To begin fulfilling his commitment to revitalize the State Department, Secretary of State Mike Pompeo moved on Tuesday to lift the hiring freeze which has been in place for over a year.

"Today, I am lifting the Department's hiring freeze on Foreign Service and Civil Service and authorizing the Department of State to hire to current funding levels," he wrote to State Department employees in an email. "This will give our domestic bureaus and missions overseas the flexibility to fill positions that are essential to promoting the Department's mission and the United States' foreign policy goals worldwide on behalf of the American people."

Pompeo announced the decision in a tweet later Tuesday as well.

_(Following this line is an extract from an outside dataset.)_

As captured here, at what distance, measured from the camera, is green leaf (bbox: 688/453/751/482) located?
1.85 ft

Pompeo's pledge to strengthen the State Department won favor with its staff, which had grown demoralized over the last year. This announcement comes less than two weeks after he was sworn in as Secretary of State. During remarks at that swearing in ceremony he repeated his new mantra.

Pompeo addresses staff on first day at State Department 12:57

"I want the State Department to get its swagger back. We need our men and women out at the front lines, executing American diplomacy with great vigor and energy, and to represent the finest nation in the history of civilization," he said. Trump stood next to him during those remarks – in his first visit to the State Department.

The hiring freeze was inflicted on the Department last year when then-Secretary Rex Tillerson undertook an effort to reorganize the department. This freeze also imposed another hiring freeze -- on the family members of State Department employees posted abroad. Each case required special approval. This made it challenging for individuals who were changing posts, as is expected, and had to endure another layer of bureaucratic red tape amidst moving countries. Pompeo lifted the hiring freeze on family members on his first week in the job – and now he has expanded that move.

"The Department's workforce is our most valuable asset.  We need our men and women on the ground, executing American diplomacy with great vigor and energy, and representing our great nation," Pompeo wrote to the department in the email memo.

Tillerson was criticized for an expansive effort to restructure the department which then turned into a more tech-focused overhaul of the department. "We cannot sustain ineffective traditions over optimal outcomes," Tillerson had told employees. After he surveyed the department at the beginning of the project, details of the effort itself were also kept secret. Tillerson later acknowledged that he had been "learning on the job," and the process should have been more transparent. The new efforts that were ultimately revealed included a new cloud-based email system, an increased ability for employees to telework.

Pompeo, who represented Kansas in Congress for six years, worked with State Department employees before he was named secretary of state. And he remembered -- and appreciated -- seeing them working late hours when he traveled internationally.

His ardent push to get the department working at full capacity could face an uphill battle, though, since most of the top positions at the department remain unfilled. He has pledged to fill those vacancies, but he will have to work with Congress to get those top positions confirmed. Five of the top ten jobs at the department remain vacant and there are over 40 vacant ambassador posts.